Rojavas ungewisse Zukunft – was in Syrien passiert ist
Am Freitagmorgen hat die Selbstverwaltung Nordostsyriens (DAANES) in einer Mitteilung bekannt gegeben, dass ein Abkommen mit der syrischen Übergangsregierung (STG) unterzeichnet wurde. Der Vertrag sieht nebst einer sofortigen Waffenruhe auch den Abzug der Truppen beider Seiten von der Front vor.
In einem nächsten Schritt soll dann die Administration der kurdischen Selbstverwaltung in den syrischen Staat integriert werden. Die Syrian Democratic Forces (SDF) werden Teil der syrischen Armee, mit einer eigenen Division, die aus drei Brigaden besteht. Gleichzeitig werden alle Gefängnisse, die vor allem für IS-Mitglieder genutzt werden, sowie die Öl- und Gasfelder an Damaskus übergeben.
Das Abkommen folgt auf wochenlange Angriffe der syrischen Übergangsregierung auf die Selbstverwaltung in Nordostsyrien. Innerhalb kürzester Zeit rückten die Einheiten der STG und der von der Türkei unterstützten Hay'at Tahrir al-Sham (HTS) bis kurz vor die Grenzstadt Kobane vor. Dort kappten sie die Strom- und Wasserversorgung und begannen mit der wochenlangen Belagerung der Stadt.
Die Situation erinnert an den Herbst 2014, als die Stadt Kobane bereits einmal während eines halben Jahres vom Islamischen Staat (IS) umzingelt wurde. Damals konnten die kurdisch geführten Verteidigungseinheiten der YPG und YPJ zusammen mit der Unterstützung ihrer Verbündeten den IS erfolgreich zurückdrängen.
Wie also kommt es dazu, dass die einst verbündeten Staaten heute tatenlos bleiben, während die Übergangsregierung innerhalb weniger Tage über 80 Prozent des Gebiets von Rojava einnimmt?
Legende
Autonome Gebiete Nordostsyriens
Von der Türkei besetzt
Syrische Übergangsregierung
Islamischer Staat
Von Israel besetzt
Ausbruch des Bürgerkriegs
Im Frühling 2011 bricht in Syrien im Zuge des Arabischen Frühlings ein Bürgerkrieg aus.

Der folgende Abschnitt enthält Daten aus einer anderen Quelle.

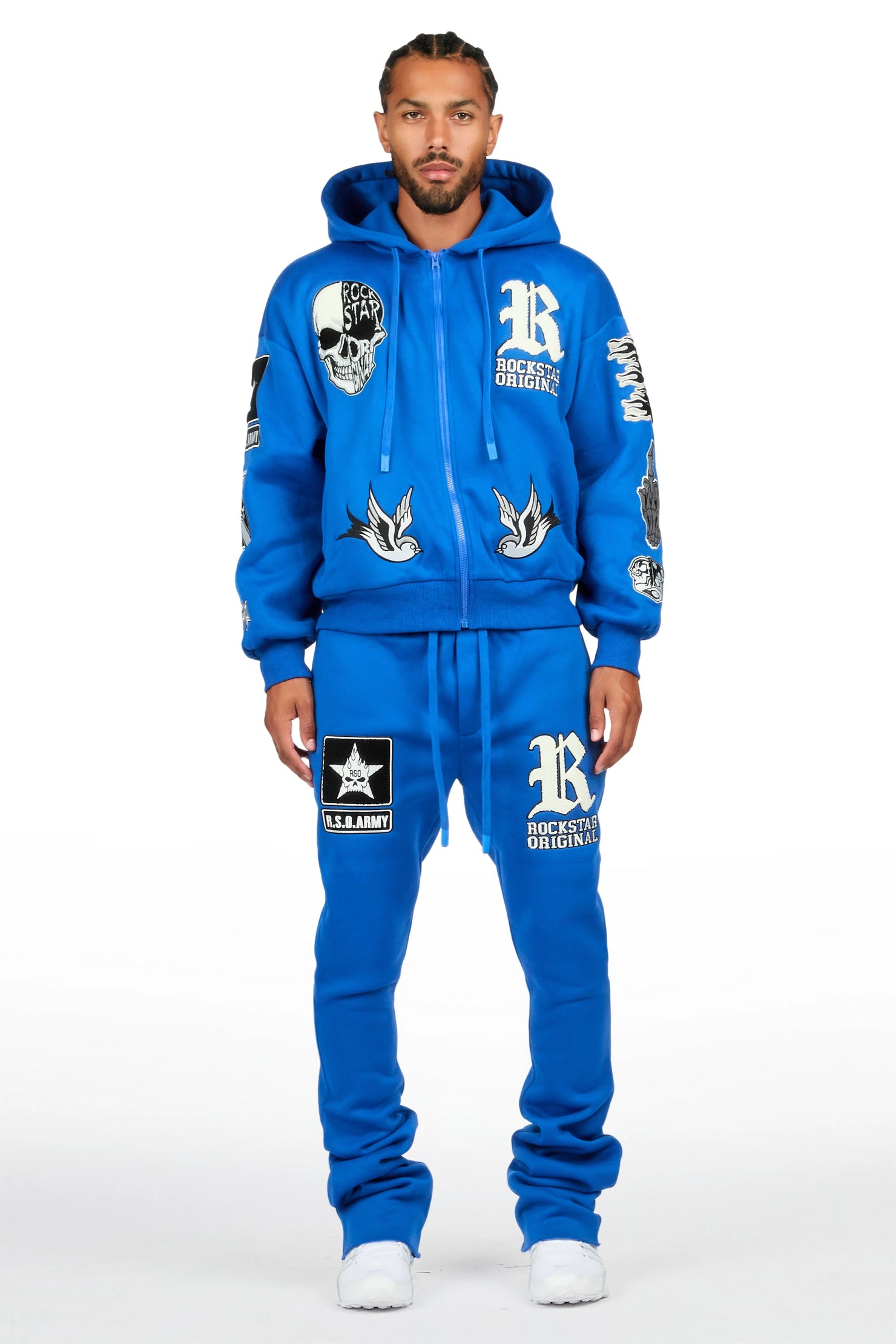 Vidar Royal Zip Up Hoodie Stacked Track Set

Auslöser ist die gewaltsame Niederschlagung der Massenproteste gegen das Assad-Regime.
März 2011
Die Assad-Regierung kann den Zentralstaat nicht zusammenzuhalten und zieht die Armee aus den Gebieten im Nordosten ab.

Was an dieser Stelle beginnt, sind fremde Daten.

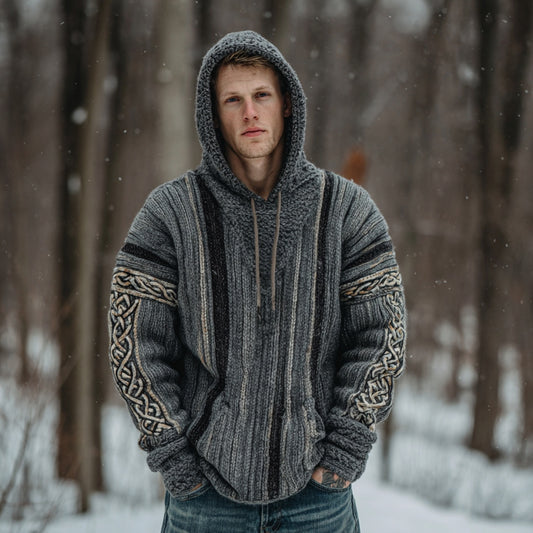 Men's Retro Colorful Striped Celtic Art Knit Hooded Sweater elevenforest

Kurdische Autonomie im Norden
Die Kurdinnen und Kurden rücken schnell in das entstandene Machtvakuum vor und errichten lokale Verteidigungskräfte, zivile Räte sowie Verwaltungsstrukturen. Nach und nach bauen sie die autonome Region auf, die als Rojava (kurdisch: Kurmanji für Westen) bekannt wird.
Ausbreitung des Islamischen Staats
Gleichzeitig breitet sich im Chaos des Bürgerkriegs der selbsternannte Islamische Staat (IS) in ganz Syrien aus und führt einen brutalen Krieg gegen die Selbstverwaltung.
Der Kampf um Kobane
Bis im Herbst 2014 breitet sich der «IS» bis kurz vor die Stadt Kobane nahe der türkischen Grenze aus. Dort gelingt den kurdischen Volksverteidigungseinheiten YPG und YPJ sowie den damals verbündeten US-Streitkräften ein zentraler Sieg gegen den «IS».
Angriffe auf IS-Stellungen in Kobane.
Datum: 18.11.2014
Quelle: Anadolu / Getty
Die Befreiung Kobanes
Die Stadt gilt seit dem 26. Januar 2015 als befreit. Der IS wird im Zuge der Niederlage in Kobane immer weiter von den Volksverteidigungseinheiten und ihren Verbündeten zurückgedrängt.
26. Januar 2015
Bis Dezember 2015 können die kurdischen Verteidigungskräfte den IS fast vollständig aus den Gebieten im Norden verdrängen.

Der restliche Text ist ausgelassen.